Hugh Kenner and Joseph O’Rourke, “A travesty generator for micros,” Byte, November 1984, pp. 129-131, 449-469
Current scholarship slants away from debating Shakespeare’s biological gender to arguing for their essential queerness.
Fascinating, all stuff completely unknown to me. Love the personal memories, the images from old magazines, etc. The magazines especially now seem so . . . bygone.
Three points:
1. In reaction to "As an example, consider the sequence of characters elephan_. What letters (in English) could occupy the blank spot? Only the letter t. From an information-theory perspective, that means that the letter t in that position adds no information to what we already knew. Its information content is effectively zero . . ."
Is that necessarily true? Think about some letters that might be used. From elephanx, one might infer that we were looking an effort to talk about this species in a non-binary way. Elephanz might imply something in a hip-hop direction. Elephanh looks vaguely archaizing, elephanj exoticizing in a Persian direction--both, along with others, possibly evoking a fantasy-novelesque usage. (Remember Tolkien's "oliphaunt.") And so on.
Might some suggestion arise here of the difference between word-production, and word-play--with some of what that implies (please forgive me, or at least bear with me) of anti-capitalist, anti-modernist critique?
2. Speaking of word-play, I was struck by how much better I liked 2-gram Shakespeare than 2+n-gram Shakespeare. The first gave me such pleasure, I laughed out loud with delight.
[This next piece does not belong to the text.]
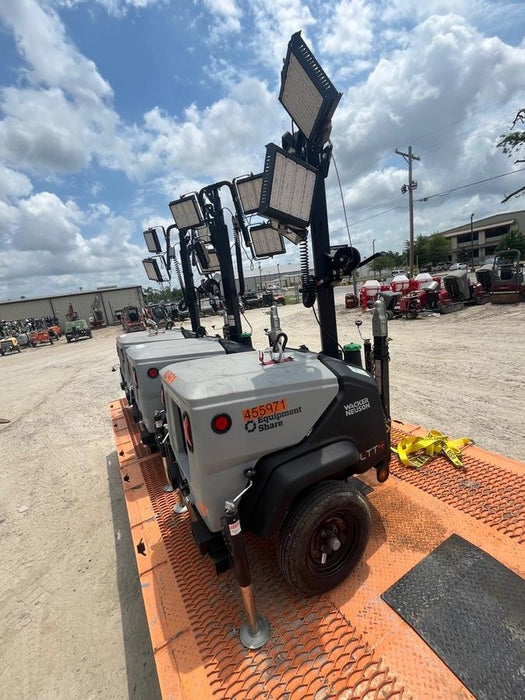 2024 WACKER NEUSON LTT4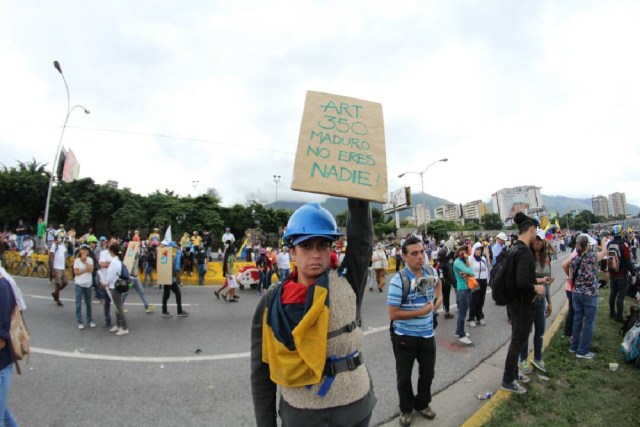 Foto: Régulo Gómez / LaPatilla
If a parodist (human or LLM) had written it, I would have thought, "this is absolutely brilliant, completely spot-on." (The random mention of "Diana" may be key: when writing Shakespeare, if in doubt, stick in a random classical deity.) But 3, 4, and 5 gram seemed . . . dreary? From them no pleasure did I take, anyway. 6-gram wasn't much better, but it did inspire me to think, "I need to read more Shakespeare!"
3. Do LLMs engage in play, word-play, or parody? From one who engages with these systems a lot, I get the sense they do, or can. I have never conversed with one. The idea makes me nervous.